The supplementary volume has four chapters directed at new lexicographic concepts and the further development of new beginnings.
In Chapter I, Dictionaries in Modern Society: Current Status and Perspectives, the first article gives the present and future prospects, problems and development possibilities of printed dictionaries in their different typological forms. The collaboration in the lexicographic processes of printed dictionaries with corpus linguistic approaches is emphasized. In the second article a corresponding presentation is given of computational lexicography and its influence on linguistic lexicography and other fields of research.
In the last decade, textual structures of printed dictionaries have often been in the focus of lexicographic research. In Chapter II, New Developments in Lexicographic Theory I: Textual Structures, the eight articles (nr. 3-10) attempt to present this research as exhaustively as possible in the following manner: A review article briefly indicating all the types of textual structures is followed by a review article on the following selected types of structures: macrostructures, access structures, microstructures and mediostructures as well as textual architectures. The next article treats addressing and addressing structures and in the tenth and final article of this chapter a presentation is given of the different types of dictionary articles.

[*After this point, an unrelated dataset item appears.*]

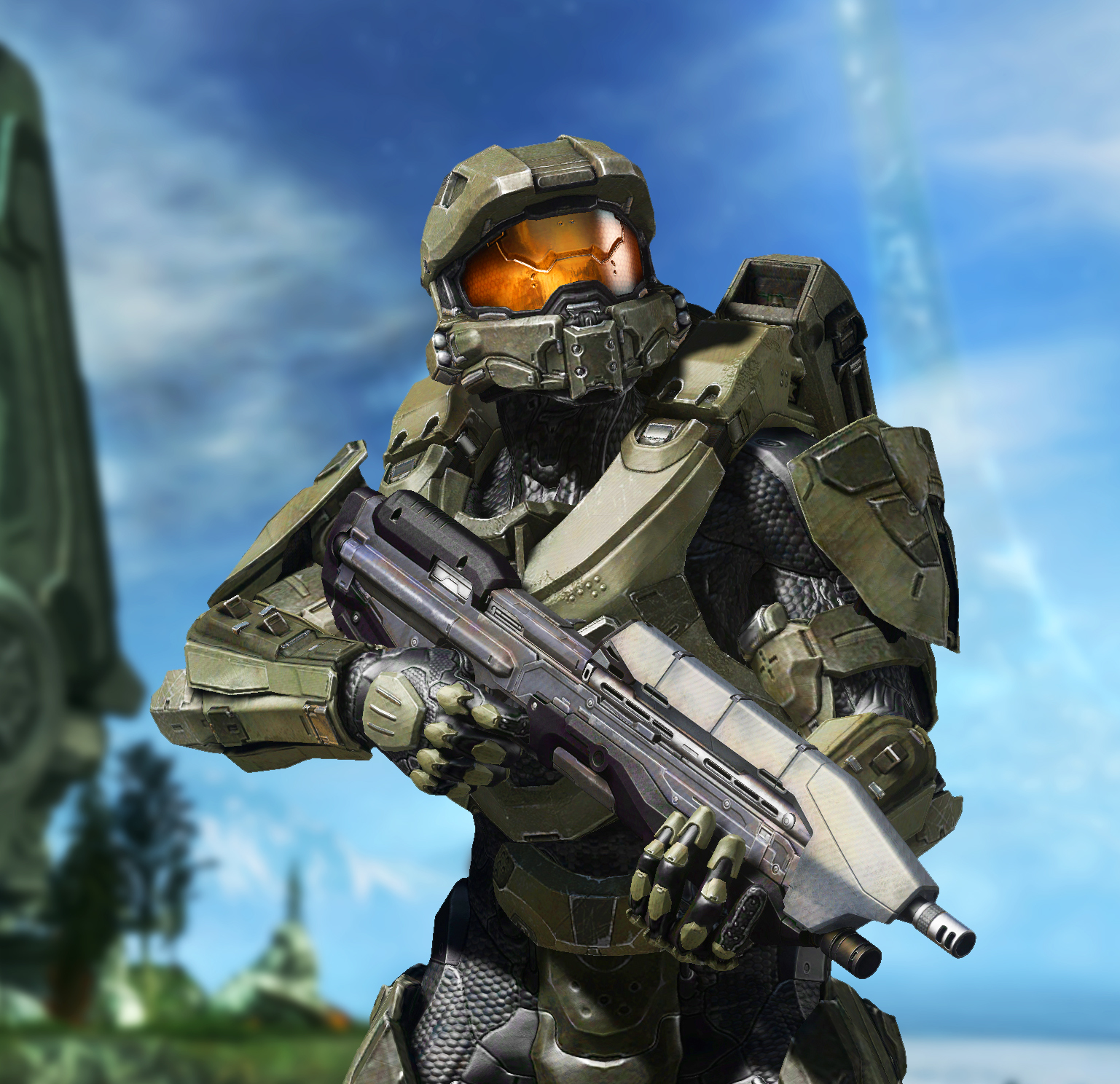 Rykte: Den kommande Halo-remaken ska inte inkludera multiplayer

In Chapter III, New Developments in Lexicographic Theory II: Dictionary Types and Functions, new dictionary types and new developments in selected dictionary types are presented in ten articles (nr. 11-20). Consideration is also given to the lexicography of language for general purposes and languages for special purposes. Dictionaries of association, new types of cognitive dictionaries, language contact dictionaries, bridge dictionaries and recent developments in English, French as well as German learner dictionaries are treated. There are also review articles of new linguistic dictionaries as well as all the existing special purpose dictionaries of lexicography and those in progress. Article 20 concludes the chapter with a treatment of dictionary functions.
Chapter IV, New Developments in Lexicographic Theory III: Selected Dictionary Subjects, consists of eight articles (nr. 21-28). From the numerous themes, directed especially at aspects of dictionary subject matter, treated in recent metalexicographic research, relevant and innovative aspects have been selected in such a way that consideration is given to a relative wide spectrum of problems. Culture-bound lexical items in monolingual and bilingual lexicography, language policy and lexicography, sensitive items, and meaning in prototype theory and in frame theory are treated in separate articles. Furthermore the concept of semiotaxis is presented as well as new developments in the lexicographic treatment of collocations and lexicographic examples.

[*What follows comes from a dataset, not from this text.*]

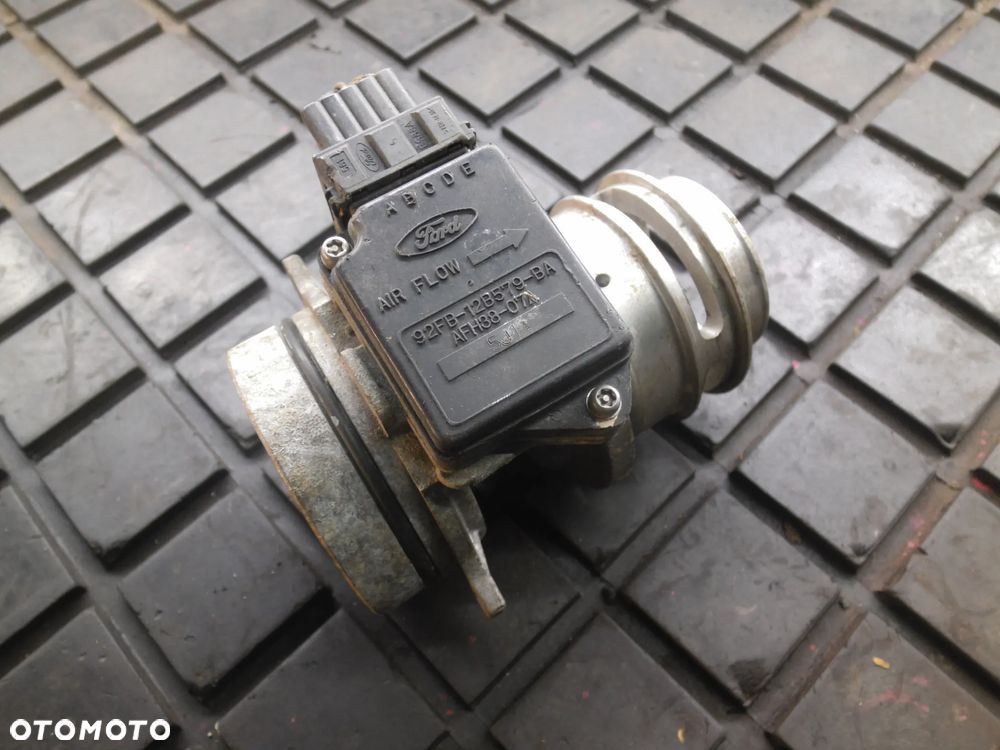 PRZEPŁYWOMIERZ FORD ESCORT MK6 92FB12B579BA - 1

The last chapter dealing with new developments in the theory of lexicography is Chapter V, New Developments in Lexicographic Theory IV: Research in Dictionary Production and Use, consisting of eight articles (nr. 2936). The chapter starts with a presentation of the structure of lexicographic processes and their phases, contains a presentation of dictionary management, an article on the theory of dictionary use and review articles on empirical usage research and on methods developed and employed in recent research on dictionary use. Furthermore there are articles on the concept of simultaneous feedback, research on usage in the domain of electronic dictionaries and ways and means of establishing a dictionary culture.
The sixth chapter deals with organizational questions and is entitled: New Developments in Lexicographic and Metalexicographic Organization. The five articles (nr. 37-41) present review articles on the training of lexicographers and training possibilities, the establishment of lexicographic units, the spectrum of existing lexicographic associations, principles of the evaluation of dictionaries and dictionary projects and aids playing a role in metalexicographic research.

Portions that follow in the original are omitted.